This about what to look for when reconditioning a crankshaft, not any sort of modification. What to do when rebuilding your engine.

Once the rods have been removed from the crankshaft, some basic inspections should take place. How do the journals look? If they show signs of wear, any scoring from dirt, is the flywheel mating surface in good condition. Does it look like the flywheel has come lose and any metal transfer happened? The earlier 6 bolt crankshafts came loose, and the flywheel face would show signs of metal transfer. The later crankshafts went to a 9-bolt connection which has proven successful. These inspections give you an idea what repair may be required.

The threaded bores for the flywheel bolts should be checked along with the front crank pulley bolt bore. If any if these need repair, be extremely careful. Make sure you know the thread class and if the flywheel bores need repair, do not force the repair tap past the bottom of the bore as it will push the thrust face inwards where the bearing runs. This part of the crankshaft is “soft”.

The next procedures should be based on a certain sequence.

Nondestructive Magnaflux crack checking is first. If the crank is cracked it could be non-repairable, so no other checking will be needed. They can be welded if the crack is in a certain direction. Your machine shop will advise here. This can get expensive.

Next, the crank should be straight checked. All cranks will have some bending after use. Remember these cranks do twist and often bend around the 2nd main journal. Harmonics is a problem with these crankshafts. I won’t go into this here, but if interested read my paper on the PD web site.

After the crank is straightened, the galley plugs should be removed so the crank can be flushed cleaned on the inside as well as the outside. An easy way to re plug is to thread the galley drillings. This make future cleaning easier. This should be done now.

The journals could need cutting undersize, repairing back to std or polishing. If polishing is all that is required, they will now be measured to make sure they can be held at the finished size within spec, after polishing. If regrinding undersize is required, the machine shop should call you asking if you want to continue, as bearings become expensive.

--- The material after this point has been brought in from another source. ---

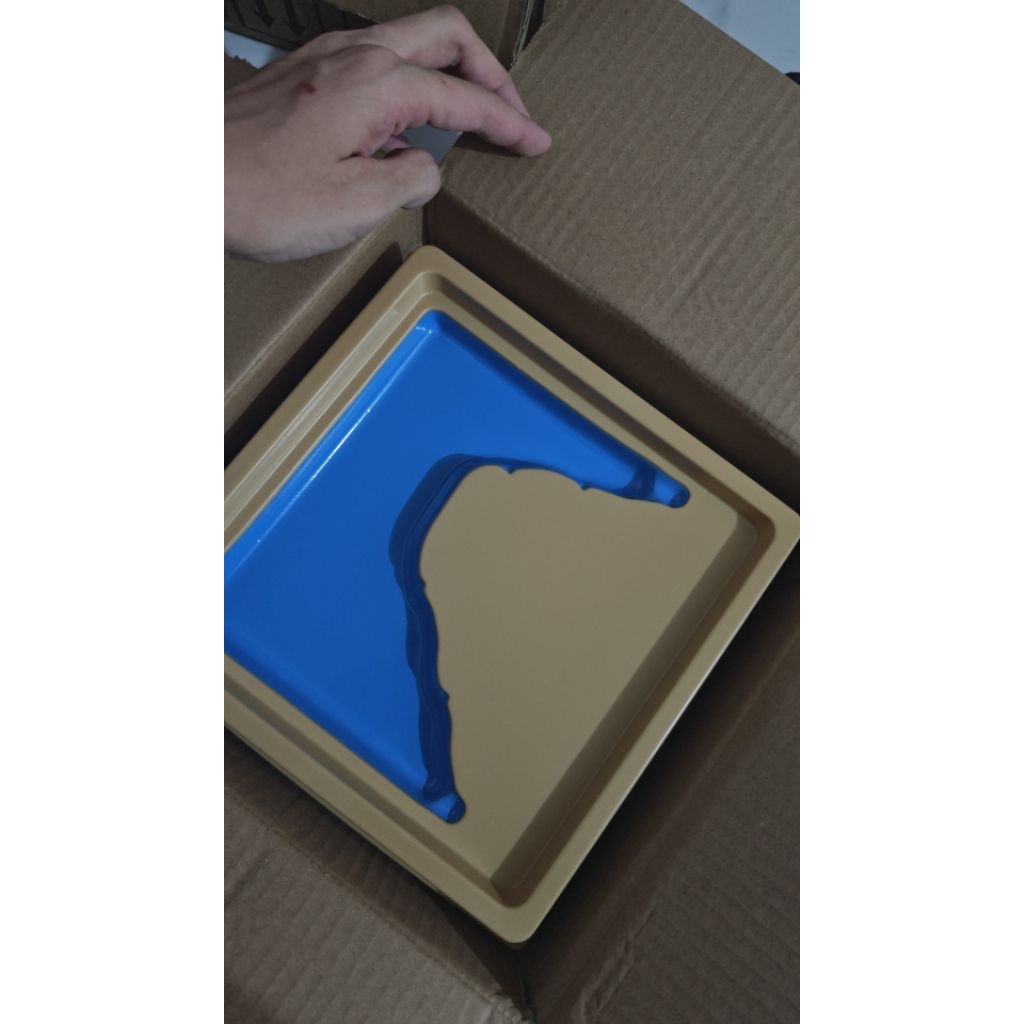 mainan anak bola bola lampu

Once regrinding undersize and all polishing is completed, the crankshaft needs to be balance checked. As these engines have opposed piston positions, no “bob weights’ are needed when balancing. The crank can be balance checked without any weights but should be done with the front pulley or any damper used. As any balance adjustments are done from outside in, the crank pulley or damper does make a difference. If you think you will not change the flywheel, add this now too. The whole assembly can be done together, or the flywheel can be zero balanced on its own. Done this way, the flywheel can be changed at any time without the need to re balance the crankshaft. Do not be tempted to lighten the crankshaft by knife edging. These cranks need all the counterweight they have. If you want to lighten the crank any, do so after re calculating the reciprocating weights verses the counter- weight. You must decide what percentage of counterweight you want to run. The only safe removal of any material is to slightly bull nose the counterweights. There is essentially no oil in the “sump” the counterweights spin in. All the oil left in the case not scavenged, is stacked up against the inside wall due to centrifugal force. Knife edging looks great outside the engine but inside does absolutely nothing.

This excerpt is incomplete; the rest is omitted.